INFORMATION SUPPLIED
*** Block opens ***

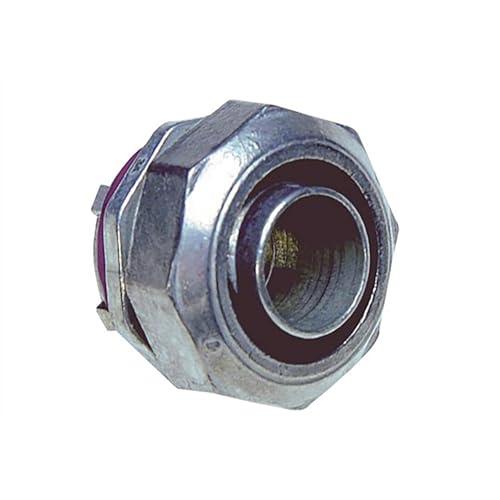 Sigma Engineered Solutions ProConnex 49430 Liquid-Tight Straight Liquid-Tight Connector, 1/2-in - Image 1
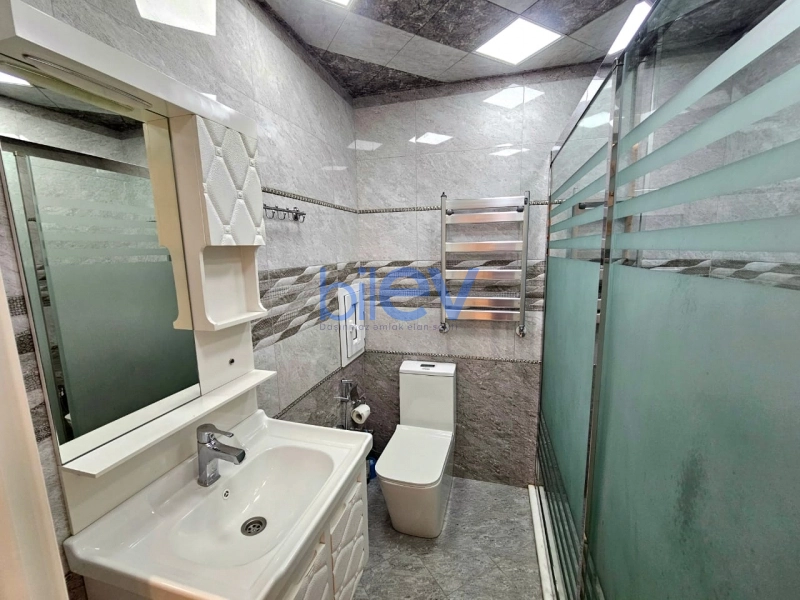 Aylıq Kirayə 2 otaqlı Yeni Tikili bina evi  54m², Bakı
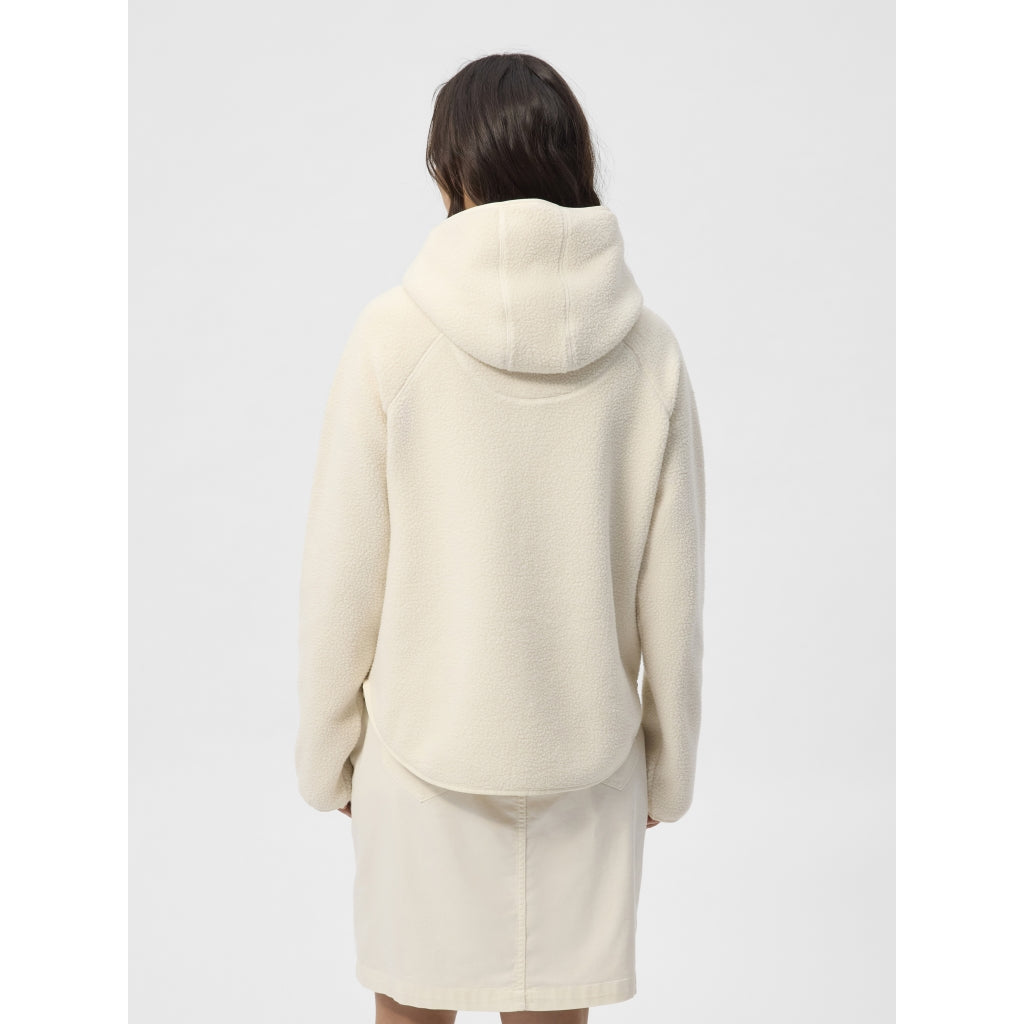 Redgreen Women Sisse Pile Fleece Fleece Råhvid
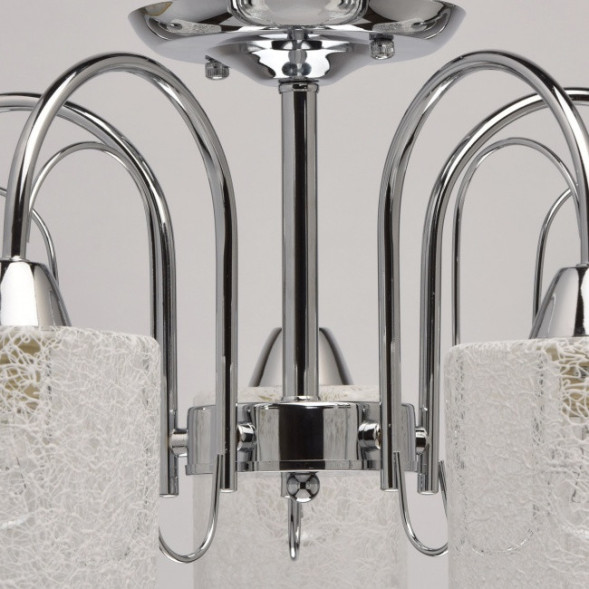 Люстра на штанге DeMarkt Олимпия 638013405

*** Block closes ***

HOW TO COMPLETE THIS TASK
Beginning with the line that contains "Aylıq Kirayə 2" in the data above, please copy each line exactly until the last line, both ends included, skipping any pictures.

SOLUTION FOR THIS PROBLEM
 Aylıq Kirayə 2 otaqlı Yeni Tikili bina evi  54m², Bakı
 Redgreen Women Sisse Pile Fleece Fleece Råhvid
 Люстра на штанге DeMarkt Олимпия 638013405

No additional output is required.